A Web capable of supporting different cultures, natural languages and
Language Engineering facilities such as Parallel Texts.
Internationalization permeates most subsystems:
client, transmission, server, data and authoring;
the primitive mechanism for WIntering
should be part of the Web foundations.
1. Introduction
1.1 Mandate
1.2 Writing style
1.3 Terminology
2. Character Set
2.1 Back office
2.2 Front office
2.3 Multilingual typography
2.4 The characters in the URL
3. Internationalization & localization
3.1 Elements of localization
3.2 Messages as HTML pages
4. Multilinguism
5. Parallel Hypertext
5.1 Definition
5.2 Language tags
5.3 Document request
5.4 Parallel Hypertext Data Structure (PHDS)
5.5 Linking strategy
5.6 Generation of parallel texts
5.6.1 Language dependent strings
5.6.2 Language-void document
6. Bidirectionallity (BIDI)
7. The LANG attribute
8. LINKs
9. Multilingual thesaurus
10. Electronic Data Interchange (EDI)
11. Passing selected text to a CGI
12. Reference model for Internationalization & Multilinguism
13. VRML
14. Java
15. Dragoman
15.1 Interactive Search
15.2 The Translation Folder (full preprocessing)
15.3 Preprocessing for Machine Translation
15.4 Machine Translation
15.5 Pseudo-Automatic Translation (PAT)
15.6 Document Generation
15.7 Document Comparison
15.8 Author's Workbench
15.9 Terminology Verification
15.10 Multilingual Aligned Text Editor
15.11 Printing
16. Acknowledgments
17. Bibliography
18. Author Address
The intention of this document is to consider all aspects for
WIntering.
It aims to fulfill two functions:
- A catalogue of issues
- A primer
To a very large extend, it puts together the efforts of other groups.
It goes in more details when materials are not covered elsewhere.
An Internationalized & Multilingual Web
should have the traditional facilities of Internationalization
and more advanced facilities needed for Language Engineering.

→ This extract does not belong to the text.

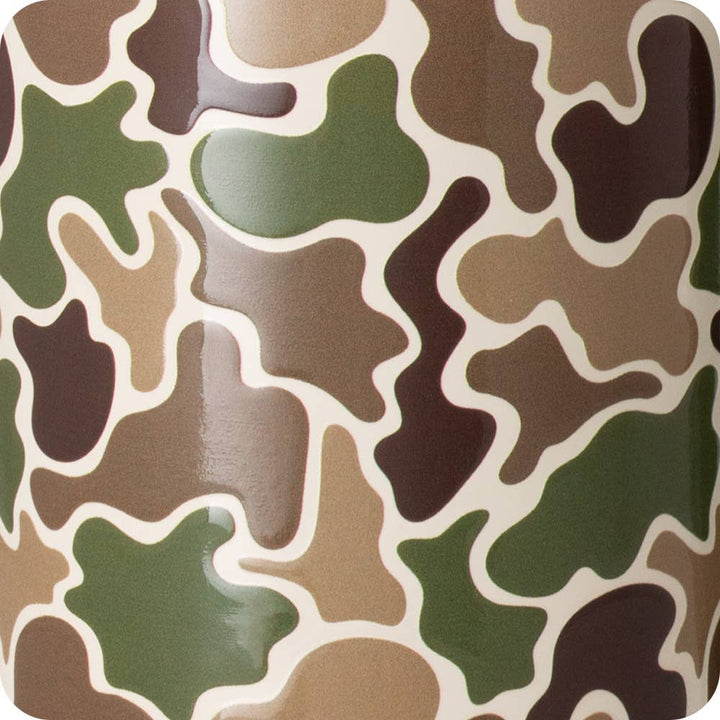 Hunting Camo Tumbler (22oz)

For example, clients should have a language menu
(similar to edit or file menus)
that shows in which other linguistic versions
the currently displayed document is available;
or clients should be capable of displaying and moving in sync side by side,
two linguistic versions of the same document.
Another noteworthy characteristic of this manual is that
it doesn't always tell the truth.
When certain concepts of TEX are introduced informally,
general rules will be stated; afterwards you will find that
the rules aren't strictly true.
The TEXbook
Donald E. Knuth
The above quote particularly applies to the documents resumed in this document.
Though the intention is to make this document selfcontained
by resuming or quoting other documents,
it is strongly recommended to consult the source documents.
One of the recommendation of the
Internationalization Workshop during the
Fifth International WWW Conference
in Paris on May 6th 1996,
was that a document should be maintained to
fulfill the purpose described in the above introduction.
The author accepted the task and
the present document is the result.
A special effort should be made to make this document as
accessible as possible to non-computer specialists
(e.g., linguists) and non-English native speakers.
Due to the characteristics of WInter,
there should be a significant number of both.
This does not imply that there should be one type of document
for each type of participant.
It means that this document should be accessible to all participants.
Perhaps by adopting a journalistic style and re-stating the evident.
The overhead should be small and it is good to avoid misunderstanding,
even between people of the same field.
Comments regarding the writing style from journalists
or readers with similar profiles are very welcome;
i.e., non-computer specialists that
have to explain computer materials to other non-computer specialists.
Some of the suggestions could be what additional material should
be included to make this document more selfcontained;
and what terms should be replaced to make it more accessible.
But, the gory normative details must be present.
- Alignedness
-
It is a quality of Parallel Texts;
for example, the Treaty of Rome in English and Spanish are Parallel Texts and
they should be aligned.
The interesting part is aligning Parallel Texts automatically.
- Author-Translator-Publisher Chain (ATP-chain)
-
It refers to the integration of all the phases in the production of documents.
Usually, large distributed systems.
- Globalization
-
In the context of electronic commerce,
the mechanisms to facilitate global trade.
Internationalization & Multilinguism are some of these mechanisms.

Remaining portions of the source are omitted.